Die Älteren unter uns werden sich vielleicht noch an die Europameisterschaft 2004 zurückerinnern. Hier beeindruckte das erfahrene deutsche Team durch technische Mängel, körperliche Defizite und Planlosigkeit. Offensivdrang konnte man der Mannschaft aber nicht vorwerfen: Sie schoss in drei Spielen gerade mal zwei Tore. Während heute aus einem 1:4 gegen Italien ein Weltuntergangsszenario gemacht wird, haben damals die beiden Niederlagen gegen Rumänien (1:5) und Ungarn (0:2) nur zu Schulterzucken Anlass gegeben. Vielleicht, weil es dank einer gnädigen Auslosung zwei Jahre zuvor eine Mannschaft ins Endspiel der WM schaffte, wo sie erstmals auf ein Team der Extraklasse traf und prompt verlor.

Reden wir über deutsche Fußballer. Wer von denen wird von ausländischen Klubs umworben? Außer japanischen und arabischen jetzt. International wettbewerbsfähig sind allein die zwei Torhüter und Michael Ballack. Der Rest sitzt sogar bei den eigenen Klubs auch gerne mal auf der Bank. Nur bei mittelmäßigen Vereinen, die in Finanznöten stecken, haben deutsche Spieler noch Chancen.
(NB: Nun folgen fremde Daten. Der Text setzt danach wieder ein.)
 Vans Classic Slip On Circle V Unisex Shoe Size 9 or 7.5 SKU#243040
Aber ausgerechnet unter denen die Nationalspieler zu suchen, hieße wirklich, alle Hoffnung fahren zu lassen. Deutsche Bundestrainer stehen also seit einigen Jahren vor dem Dilemma, entweder mit einigermaßen talentierten jungen Spielern und einem konkurrenzfähigen System eine riskante Wette auf die Zukunft einzugehen, oder mit in jeder Beziehung fertigen Kickern und einem System des “Hinten dicht und vorne hilft der liebe Gott” jedes Risiko zu vermeiden und trotzdem bei nicht perfekter Auslosung in der Vorrunde auszuscheiden.
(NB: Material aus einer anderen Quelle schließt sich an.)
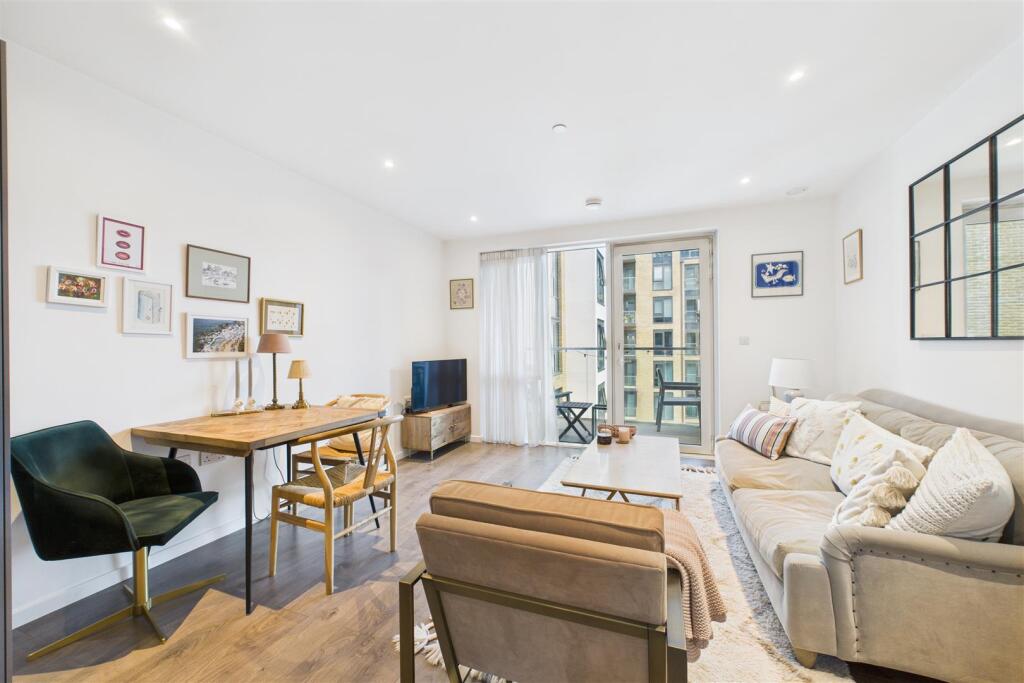 Main image of property: Meridian House, Juniper Drive, London, SW18 1QS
Ist es denn so, dass die Sache aussichtslos wäre? Kaum. Der relative Erfolg beim Confederations Cup war zwar zweischneidig, weil der Hype um die jungen Spieler hinterher zu groß wurde und einigen davon prompt in den Kopf stieg, er zeigte aber, dass auch deutsche Mannschaften so spielen können, dass man auf der Trainerbank keinen Schnurrbart mit Pickelhaube mehr vermutet. Auch das Spiel gegen Frankreich Ende letzten Jahres machte deutlich, dass diese Truppe es eigentlich kann. Um Weltmeister zu werden, reicht das natürlich nicht. Aber hier scheidet sich der Fußball-Fan vom Fußball-Nationalisten: Von mir aus können Klinsmanns Bubis in der Vorrunde die Segel streichen, wenn sie nur beherzt Fußball spielen. Ich könnte mich an einer Elf, die sich in die weiteren Runden blutgrätscht, nicht erfreuen.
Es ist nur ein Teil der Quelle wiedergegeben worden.